Medication abortion was hailed as the future of abortion after the Supreme Court ruled last June that people did not have a constitutional right to end their pregnancy. “Despite the power of the imagery, the end of legal abortion would not mean a return to back alleys and coat hangers, but pills and women taking their reproductive lives into their own hands,” my colleague Becca Andrews wrote last year. The pills, after all, are safe, effective, and easily transported by mail, though a plethora of state laws have attempted to block that practice.

Its popularity makes it a target of conservative attacks. But some legal experts argue that if Kacsmaryk tries to ban mifepristone, the FDA wouldn’t be required to enforce the decision and pull the drug from the market, at least not right away. And Sen. Ron Wyden had urged the White House to “ignore” an abortion-hostile ruling from Kacsmaryk: “Don’t give in to the courtwashing. Protect the fundamental rights and wellbeing of all women in America. The FDA should go on just as it has for the last 23 years since it first approved mifepristone.”

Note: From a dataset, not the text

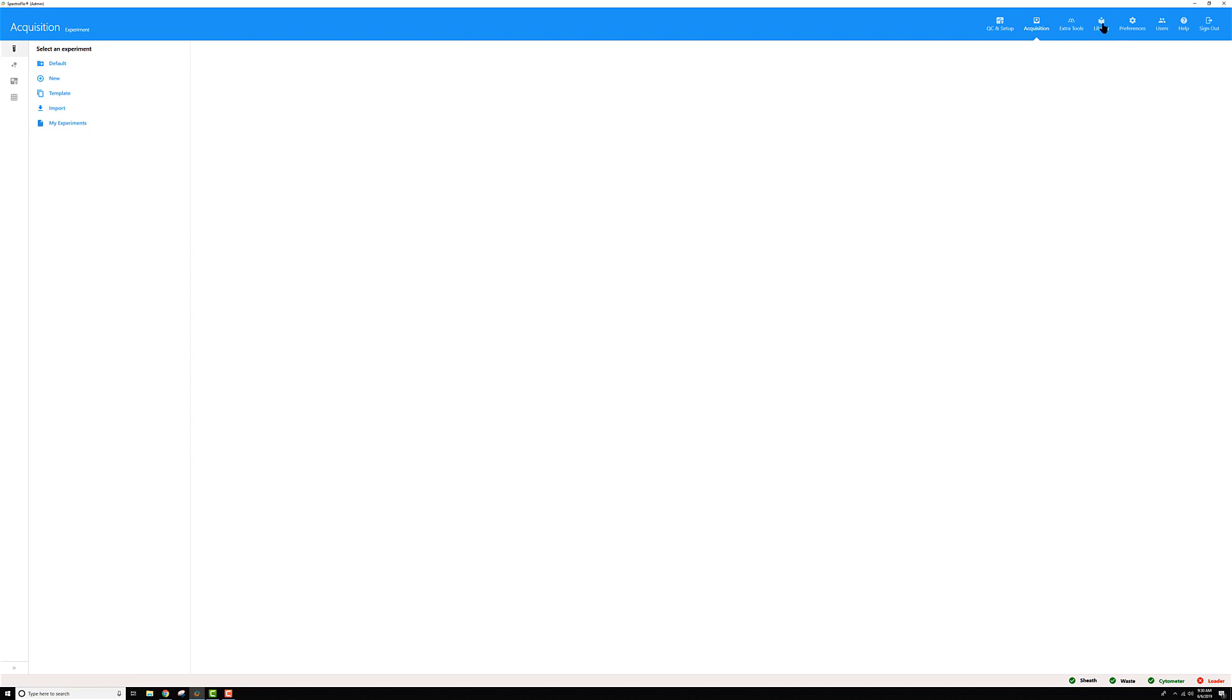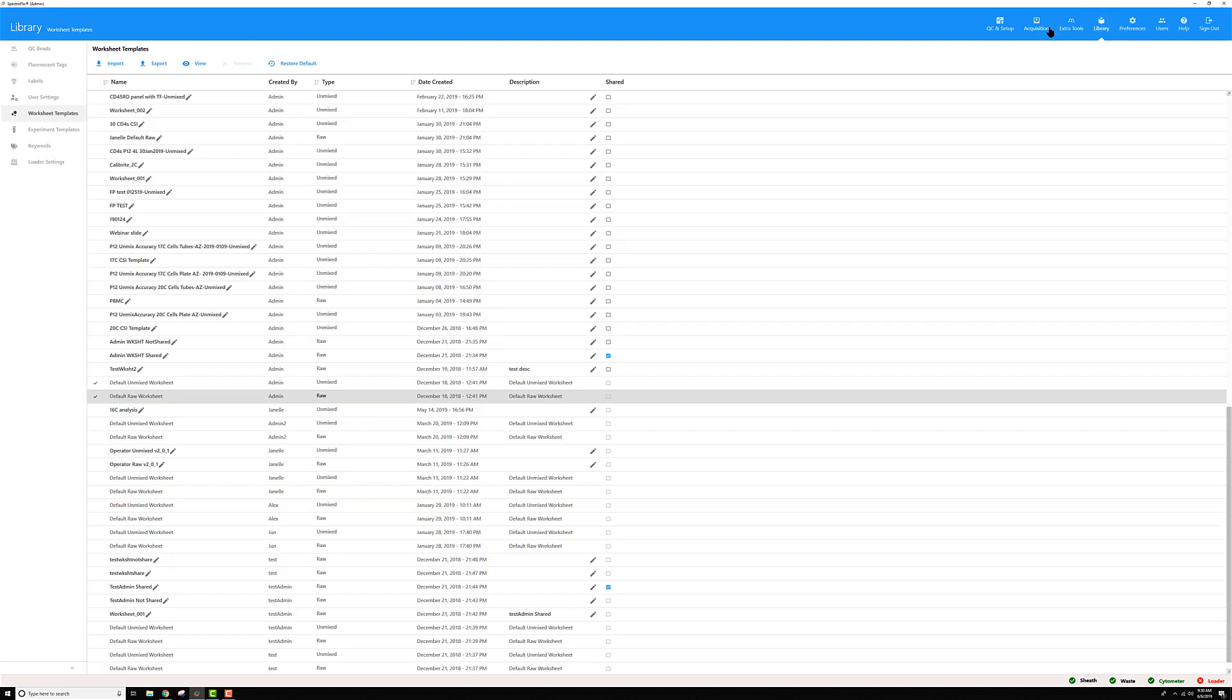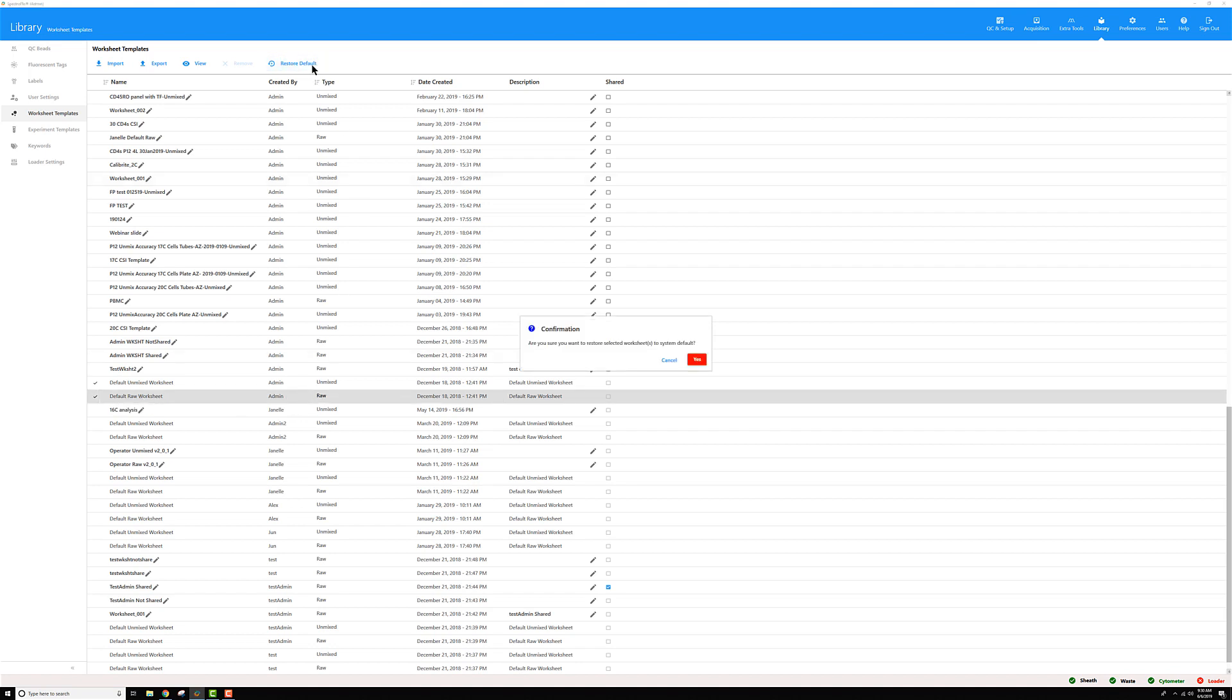Then let's repeat that and go back to the library, select the default raw worksheet made by me the admin, restore default. You'll get this pop-up asking if you're sure you want to restore it. Yes I am.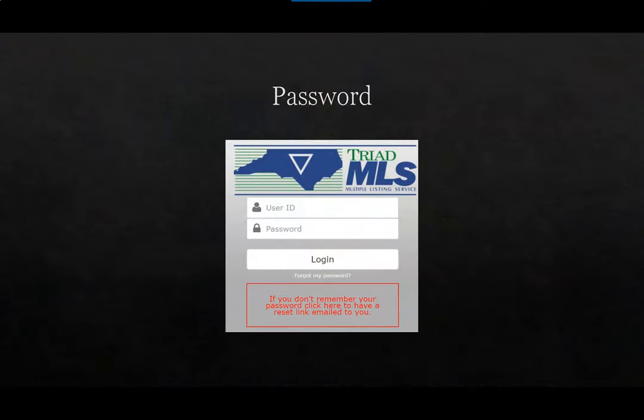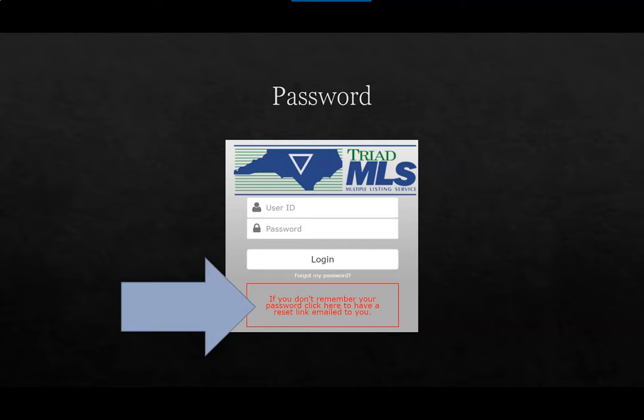When you join Triad MLS, you receive your credentials. You use these credentials to access Matrix. Your user ID will never change. The password, however, can be changed if you would like. From the login screen for Matrix, use this red box and follow the three simple steps to change your password.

With mifepristone’s approval revoked, more pregnant people would be expected to seek resource-intensive surgical abortions, adding to the overload of patients at clinics in states where abortion remains legal. Many providers plan to begin offering off-label, misoprostol-only abortions. Though somewhat less effective than the two-drug regimen, the misoprostol-only regimen is well-studied and used around the world in places where mifepristone is unavailable. (The World Health Organization supports using misoprostol alone to end pregnancy and publishes guidelines on how to do so safely.) Planned Parenthood, Abortion on DemandAid AccessCarafemChoixForward MidwiferyHey Jane, and Just the Pill are all prepared to offer misoprostol-only abortions, according to Susan Rinkunas of Jezebel.

If Kacsmaryk bans mifepristone, the order would be temporary, for now. But any appeal of the ruling would go to the Fifth Circuit Court of Appeals, the most conservative circuit in the country—and then onto a Supreme Court still ruled by the majority that overturned Roe v. Wade.